EXTRACTED ENTRIES:
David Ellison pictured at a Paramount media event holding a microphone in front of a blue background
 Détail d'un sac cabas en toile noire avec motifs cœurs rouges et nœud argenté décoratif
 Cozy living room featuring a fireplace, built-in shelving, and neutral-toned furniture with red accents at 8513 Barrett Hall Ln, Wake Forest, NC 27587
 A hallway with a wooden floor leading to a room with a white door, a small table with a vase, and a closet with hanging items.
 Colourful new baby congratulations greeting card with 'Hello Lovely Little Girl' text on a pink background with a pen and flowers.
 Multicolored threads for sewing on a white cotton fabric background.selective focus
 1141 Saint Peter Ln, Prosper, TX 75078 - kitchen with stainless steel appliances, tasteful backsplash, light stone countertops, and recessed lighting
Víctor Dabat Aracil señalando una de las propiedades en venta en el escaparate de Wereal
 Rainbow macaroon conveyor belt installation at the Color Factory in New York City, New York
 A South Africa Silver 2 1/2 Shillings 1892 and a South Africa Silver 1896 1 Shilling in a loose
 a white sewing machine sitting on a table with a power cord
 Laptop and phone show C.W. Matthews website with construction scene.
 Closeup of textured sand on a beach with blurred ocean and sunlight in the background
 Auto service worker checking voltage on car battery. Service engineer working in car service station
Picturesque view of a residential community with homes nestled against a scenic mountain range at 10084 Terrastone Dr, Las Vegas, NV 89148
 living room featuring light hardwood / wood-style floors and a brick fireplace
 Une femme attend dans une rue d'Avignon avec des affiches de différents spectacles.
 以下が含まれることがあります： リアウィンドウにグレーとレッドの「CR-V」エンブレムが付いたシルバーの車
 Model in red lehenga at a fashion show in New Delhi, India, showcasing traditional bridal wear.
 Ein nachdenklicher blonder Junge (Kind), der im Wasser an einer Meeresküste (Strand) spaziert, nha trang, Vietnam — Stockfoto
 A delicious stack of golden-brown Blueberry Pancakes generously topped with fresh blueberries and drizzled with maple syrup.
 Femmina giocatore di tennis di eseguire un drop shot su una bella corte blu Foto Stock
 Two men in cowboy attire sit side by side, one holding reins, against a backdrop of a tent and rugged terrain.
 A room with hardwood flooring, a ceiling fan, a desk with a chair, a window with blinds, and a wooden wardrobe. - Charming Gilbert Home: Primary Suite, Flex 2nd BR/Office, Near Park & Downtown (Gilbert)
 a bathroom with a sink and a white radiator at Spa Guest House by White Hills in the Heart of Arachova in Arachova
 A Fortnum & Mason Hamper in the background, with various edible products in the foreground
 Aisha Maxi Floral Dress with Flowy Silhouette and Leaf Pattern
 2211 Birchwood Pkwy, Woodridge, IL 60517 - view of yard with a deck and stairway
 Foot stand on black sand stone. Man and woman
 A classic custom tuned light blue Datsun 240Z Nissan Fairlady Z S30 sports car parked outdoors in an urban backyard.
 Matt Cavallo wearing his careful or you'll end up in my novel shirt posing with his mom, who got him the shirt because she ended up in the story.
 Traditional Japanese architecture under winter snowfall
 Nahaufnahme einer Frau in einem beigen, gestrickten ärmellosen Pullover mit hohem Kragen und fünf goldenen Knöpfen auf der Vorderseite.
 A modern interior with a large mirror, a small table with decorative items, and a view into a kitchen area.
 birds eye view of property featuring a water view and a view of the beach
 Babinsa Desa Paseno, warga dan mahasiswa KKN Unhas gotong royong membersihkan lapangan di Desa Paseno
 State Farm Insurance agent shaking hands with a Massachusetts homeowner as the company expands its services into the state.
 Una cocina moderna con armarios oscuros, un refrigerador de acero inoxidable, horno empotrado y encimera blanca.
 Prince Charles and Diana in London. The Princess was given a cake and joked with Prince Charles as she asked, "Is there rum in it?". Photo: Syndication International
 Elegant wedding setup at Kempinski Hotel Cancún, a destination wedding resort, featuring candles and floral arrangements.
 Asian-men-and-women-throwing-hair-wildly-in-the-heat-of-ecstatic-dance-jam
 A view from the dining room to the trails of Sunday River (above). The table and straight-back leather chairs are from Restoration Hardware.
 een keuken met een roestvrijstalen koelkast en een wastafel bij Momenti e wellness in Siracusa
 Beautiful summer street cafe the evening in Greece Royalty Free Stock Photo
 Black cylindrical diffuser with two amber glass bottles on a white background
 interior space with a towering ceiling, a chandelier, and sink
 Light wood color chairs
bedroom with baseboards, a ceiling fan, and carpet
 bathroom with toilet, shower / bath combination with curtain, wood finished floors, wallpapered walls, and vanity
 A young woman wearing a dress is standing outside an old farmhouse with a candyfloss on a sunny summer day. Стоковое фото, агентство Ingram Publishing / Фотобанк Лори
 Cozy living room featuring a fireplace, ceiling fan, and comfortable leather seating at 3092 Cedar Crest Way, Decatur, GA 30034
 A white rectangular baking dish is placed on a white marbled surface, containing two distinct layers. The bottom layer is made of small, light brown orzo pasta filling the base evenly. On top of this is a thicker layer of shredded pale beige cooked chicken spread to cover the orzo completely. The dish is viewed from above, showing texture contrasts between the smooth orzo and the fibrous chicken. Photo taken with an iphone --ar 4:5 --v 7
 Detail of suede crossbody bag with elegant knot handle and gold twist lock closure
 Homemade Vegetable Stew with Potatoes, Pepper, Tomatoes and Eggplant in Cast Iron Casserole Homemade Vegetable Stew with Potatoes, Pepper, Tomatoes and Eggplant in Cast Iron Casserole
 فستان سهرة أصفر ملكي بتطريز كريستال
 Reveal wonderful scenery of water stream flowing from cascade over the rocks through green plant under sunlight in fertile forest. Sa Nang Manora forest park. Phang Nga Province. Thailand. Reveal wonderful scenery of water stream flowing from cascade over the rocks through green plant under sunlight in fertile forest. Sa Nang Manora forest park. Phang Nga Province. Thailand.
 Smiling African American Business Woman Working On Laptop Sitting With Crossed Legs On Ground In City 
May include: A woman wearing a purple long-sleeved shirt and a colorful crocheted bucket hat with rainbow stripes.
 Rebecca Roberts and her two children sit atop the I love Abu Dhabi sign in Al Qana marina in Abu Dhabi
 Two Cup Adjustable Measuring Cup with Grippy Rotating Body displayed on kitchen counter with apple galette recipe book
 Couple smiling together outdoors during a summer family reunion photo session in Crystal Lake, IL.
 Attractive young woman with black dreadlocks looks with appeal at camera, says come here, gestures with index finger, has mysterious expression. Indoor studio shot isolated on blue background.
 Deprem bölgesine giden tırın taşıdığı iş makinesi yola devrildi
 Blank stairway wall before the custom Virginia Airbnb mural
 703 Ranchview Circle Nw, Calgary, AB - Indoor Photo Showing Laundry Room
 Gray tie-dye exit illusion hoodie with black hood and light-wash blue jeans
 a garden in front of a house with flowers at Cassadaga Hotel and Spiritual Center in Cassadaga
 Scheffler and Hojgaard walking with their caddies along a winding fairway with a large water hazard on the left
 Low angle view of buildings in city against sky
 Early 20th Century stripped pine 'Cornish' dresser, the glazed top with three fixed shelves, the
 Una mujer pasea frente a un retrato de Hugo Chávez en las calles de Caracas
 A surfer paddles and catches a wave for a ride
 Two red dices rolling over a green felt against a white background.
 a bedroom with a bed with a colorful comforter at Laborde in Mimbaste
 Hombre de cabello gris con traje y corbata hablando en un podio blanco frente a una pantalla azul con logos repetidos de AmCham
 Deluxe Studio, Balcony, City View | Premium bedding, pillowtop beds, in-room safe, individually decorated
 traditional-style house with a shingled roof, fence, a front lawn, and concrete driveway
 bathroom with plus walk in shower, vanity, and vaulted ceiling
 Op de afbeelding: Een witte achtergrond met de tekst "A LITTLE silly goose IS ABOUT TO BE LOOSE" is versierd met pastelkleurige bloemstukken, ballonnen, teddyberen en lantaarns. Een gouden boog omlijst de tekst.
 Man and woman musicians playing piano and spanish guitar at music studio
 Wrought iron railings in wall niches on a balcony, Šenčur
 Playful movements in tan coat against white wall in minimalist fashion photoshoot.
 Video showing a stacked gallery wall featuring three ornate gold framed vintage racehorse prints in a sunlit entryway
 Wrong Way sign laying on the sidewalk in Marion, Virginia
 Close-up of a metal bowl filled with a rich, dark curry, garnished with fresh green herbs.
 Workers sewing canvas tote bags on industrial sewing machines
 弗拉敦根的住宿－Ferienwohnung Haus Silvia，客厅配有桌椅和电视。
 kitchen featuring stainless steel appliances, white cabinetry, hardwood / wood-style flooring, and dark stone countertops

TASK OBJECTIVE:
In the records above, find the line with "A modern interior"; write out exactly that line and each one after it, stopping after the line with "Babinsa Desa Paseno, warga".

ANSWER FOR THIS EXERCISE:
 A modern interior with a large mirror, a small table with decorative items, and a view into a kitchen area.
 birds eye view of property featuring a water view and a view of the beach
 Babinsa Desa Paseno, warga dan mahasiswa KKN Unhas gotong royong membersihkan lapangan di Desa Paseno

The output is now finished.